It is hard to believe, but it is now three years since Nick Diaz has set foot the UFC’s octagon.
That fight against Anderson Silva, eventually ruled a no-contest, was just Diaz’s fourth since returning to the company following a prolonged spell fighting for the likes of Strikeforce, DREAM and Elite XC. Following the bout, Diaz ran afoul of USADA, the UFC’s drug-testing authorities, for marijuana metabolites which existed in his system.
The former Strikeforce welterweight champion was issued a five-year suspension, a move which shocked many members of the mixed martial arts community. While that ban was eventually reduced, Diaz still found himself unable to compete due to the non-payment of a fine related to the positive marijuana test. However, it is beginning to look like these issues may soon be a thing of the past and, if the below video is anything to go by, Diaz appears to be at the very least considering a return to the UFC’s ranks.
Video by MMA Focus (via Will Butler)
Guided by Jeff Novitsky, the UFC’s Vice President of Athlete Health and Performance, Diaz took a tour of the UFC’s state of the art performance institute in Las Vegas, sharing a host of videos on social media as he did so and, at one point, can be heard saying, ‘Right on, sign me up!’ as he inspects the vast array of fitness and recovery equipment the center boasts.
Reed Harris, the former WEC GM and current UFC Vice President of Athlete Development, was also present for the tour.

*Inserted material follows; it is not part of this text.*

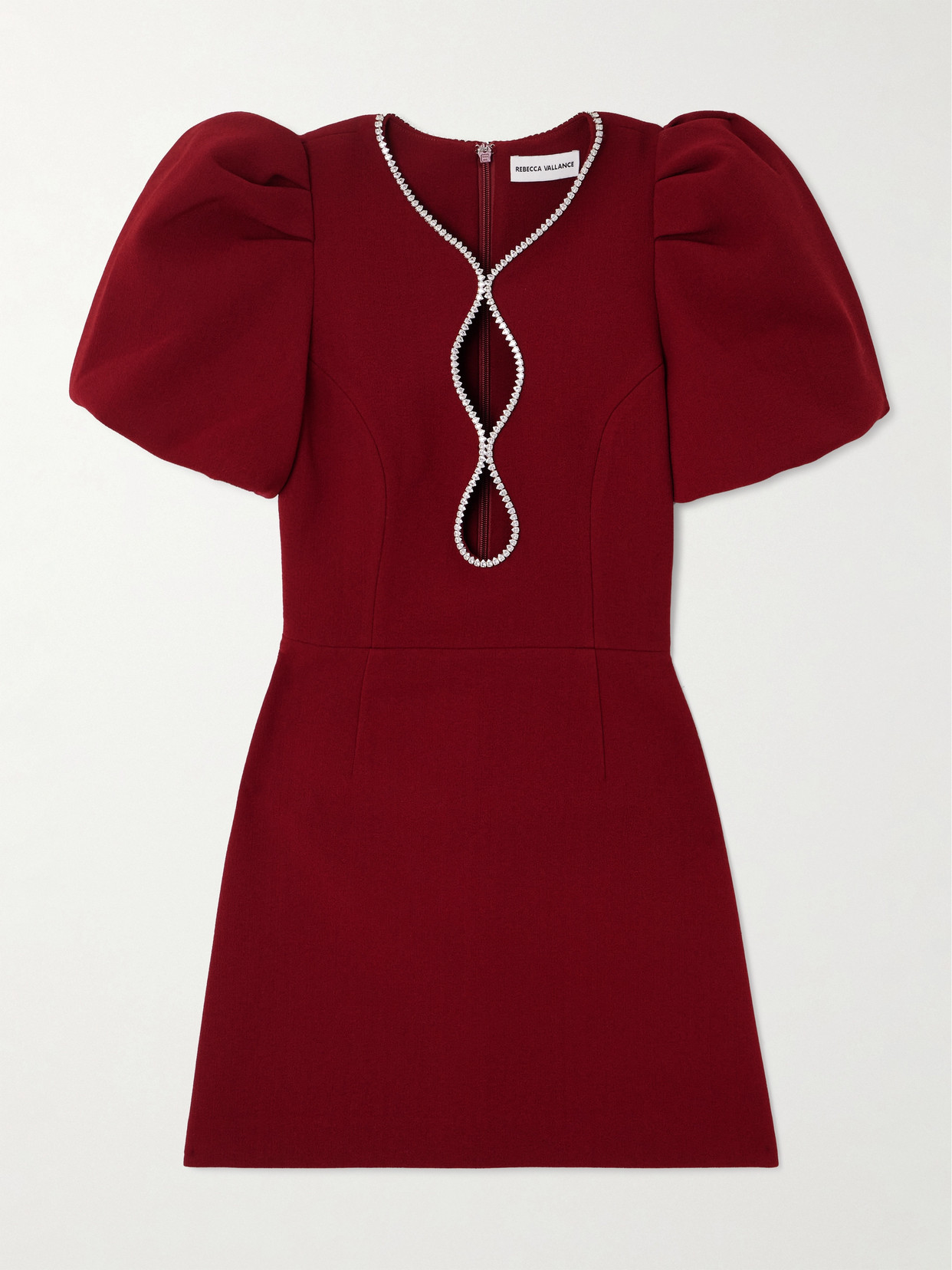 Rebecca Vallance Estella Crystal-embellished Cutout Cady Mini Dress In Burgundy
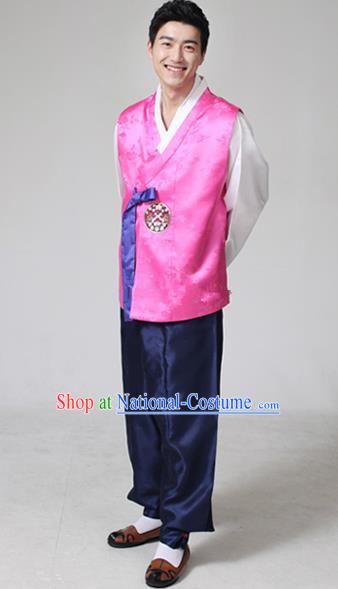 Asian Korean Traditional Costumes Ancient Korean Hanbok Bridegroom Rosy Vest and Navy Pants for Men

Several fighters, such as Francis Ngannou and, currently, Emil Meek, use the institute as their primary training base. It also served as Conor McGregor’s Las Vegas training base in advance of his Summer 2017 boxing match with Floyd Mayweather.
Meanwhile, speaking on a recent episode of The Joe Rogan Experience, Novitsky stated that he feels that Diaz will indeed fight again.
“I think he does [want to fight], I think he does,” he said. “I’ve sat down with him over the past couple months trying to resolve this whereabouts issues,” referencing the USADA mandate that all contracted UFC fighters must keep the drug-testing authorities updated as to their movements.
“The unfortunate thing there is, look, the whereabouts failures are there to catch people that are cheating and trying to avoid testing. ‘I just think Nick’s lifestyle led to those three whereabouts, not that he was trying to avoid testing. We’re trying to work through that.
“[Nick] trusted certain individuals to do his whereabouts for him. What I think happened was, over time, those individuals were in and out of his life, and it was unbeknownst to him that he was missing all these things. But again, there’s strict liability here. He’s currently under sanction, but we’re hoping to resolve that pretty quick.”